Existem bons e maus exemplos nos diversos usos da água. Em Portugal, pode referir-se uma evolução positiva dos sistemas de regadio que são, atualmente, mais resilientes à escassez. No setor do turismo, existem operadores com sistemas cada vez mais eficientes e começa a ganhar espaço a utilização de água residual tratada. Os casos positivos devem ser divulgados e replicados, contribuindo para uma evolução global no sentido da proteção dos recursos hídricos.

  • Como tornar estes setores mais despertos para o problema? 

A água, essencial à vida e “o princípio de todas as coisas”, tem um valor económico – permitindo o desenvolvimento de diversas atividades económicas (p.ex.: agricultura, produção de energia, indústria e turismo), ambiental – assegurando a existência dos ecossistemas, e social – sendo fundamental para as pessoas, para a saúde pública e para a igualdade.

 Em cenários de escassez de água, em particular em períodos de contingência, o abastecimento para consumo humano será sempre prioritário, em detrimento dos restantes usos. A consciencialização para esta obrigatoriedade deverá fazer “despertar” os restantes utilizadores, para repensarem os seus sistemas, investirem na eficiência e procurarem origens alternativas.

O setor agrícola, não deixando de ser o maior utilizador de água, terá sempre margem para evoluir a partir do recurso a novas ferramentas de gestão, monitorização e controlo de perdas, bem como recorrendo a culturas hidricamente menos exigentes, mas com interesse económico e alimentar.
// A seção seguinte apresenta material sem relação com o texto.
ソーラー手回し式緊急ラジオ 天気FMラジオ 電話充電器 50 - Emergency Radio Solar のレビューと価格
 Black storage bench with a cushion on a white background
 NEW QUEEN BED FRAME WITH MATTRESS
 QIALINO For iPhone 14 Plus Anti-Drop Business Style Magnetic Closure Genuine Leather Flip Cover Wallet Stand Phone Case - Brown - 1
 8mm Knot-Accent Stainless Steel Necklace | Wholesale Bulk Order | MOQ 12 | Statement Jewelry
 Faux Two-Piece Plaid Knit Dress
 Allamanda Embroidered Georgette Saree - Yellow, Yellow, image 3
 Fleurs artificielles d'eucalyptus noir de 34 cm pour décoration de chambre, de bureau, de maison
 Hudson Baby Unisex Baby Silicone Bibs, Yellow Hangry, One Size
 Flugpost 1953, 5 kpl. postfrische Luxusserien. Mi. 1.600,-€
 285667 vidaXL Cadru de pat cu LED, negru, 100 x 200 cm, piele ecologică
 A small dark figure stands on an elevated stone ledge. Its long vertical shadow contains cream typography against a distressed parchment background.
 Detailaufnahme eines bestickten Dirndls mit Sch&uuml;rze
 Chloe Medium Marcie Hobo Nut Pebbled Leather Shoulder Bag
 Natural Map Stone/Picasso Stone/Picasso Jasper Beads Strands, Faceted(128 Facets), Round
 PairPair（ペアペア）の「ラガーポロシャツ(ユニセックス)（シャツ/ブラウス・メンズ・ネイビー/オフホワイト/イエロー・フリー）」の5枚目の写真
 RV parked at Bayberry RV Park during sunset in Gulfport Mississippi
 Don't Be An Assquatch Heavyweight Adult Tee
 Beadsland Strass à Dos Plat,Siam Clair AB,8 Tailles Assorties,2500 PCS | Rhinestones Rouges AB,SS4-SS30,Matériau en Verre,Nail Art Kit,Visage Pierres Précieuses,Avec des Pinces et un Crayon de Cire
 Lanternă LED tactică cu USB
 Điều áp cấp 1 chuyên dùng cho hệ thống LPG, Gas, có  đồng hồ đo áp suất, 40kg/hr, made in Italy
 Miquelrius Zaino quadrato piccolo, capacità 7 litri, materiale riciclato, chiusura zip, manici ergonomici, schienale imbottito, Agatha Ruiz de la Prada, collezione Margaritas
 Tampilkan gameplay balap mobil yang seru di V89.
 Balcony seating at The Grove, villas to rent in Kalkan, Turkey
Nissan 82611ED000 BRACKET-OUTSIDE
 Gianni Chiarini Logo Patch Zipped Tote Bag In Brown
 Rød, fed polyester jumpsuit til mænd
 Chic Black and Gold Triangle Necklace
O recurso a novos sistemas agrícolas (interior e vertical), a agricultura de precisão (regas mais eficientes), a tecnologias intermédias mais sofisticadas (na cadeia logística, transporte e transformação) e a tecnologias e produtos mais sustentáveis (proteínas, bioenergia e biomateriais) deverão ser igualmente uma aposta.

  • A água pode vir mesmo a ser a próxima crise europeia?

Globalmente, têm sido diversos os alertas sobre a “crise da água”. Uma evolução não planeada, uma gestão não adaptativa e um contexto desfavorável, poderão acentuar o desequilíbrio entre necessidades (procura) e disponibilidades (oferta), aumentando a pressão sobre os recursos e precipitando uma “crise da água” na Europa e no Mundo. A gestão dos recursos hídricos deverá assentar numa visão integrada, considerando desafios ambientais, demográficos, sociais, económicos, territoriais e climáticos.

Neste contexto, será necessário gerir as infraestruturas hidráulicas construídas (perdas de água; afluências indevidas; gestão patrimonial e gestão do risco; inovação e tecnologia; eficiência financeira, hídrica e energética), implementar uma lógica de economia circular (reutilização; aproveitamento de águas pluviais; valorização de nutrientes e matéria orgânica; produção de energia nos sistemas; soluções de controlo na origem) e atender aos desafios globais (poluentes emergentes; eventos extremos; gestão da procura; adaptação climática; evolução demográfica diferenciada; nexus água-energia; novas origens – o mar; digitalização).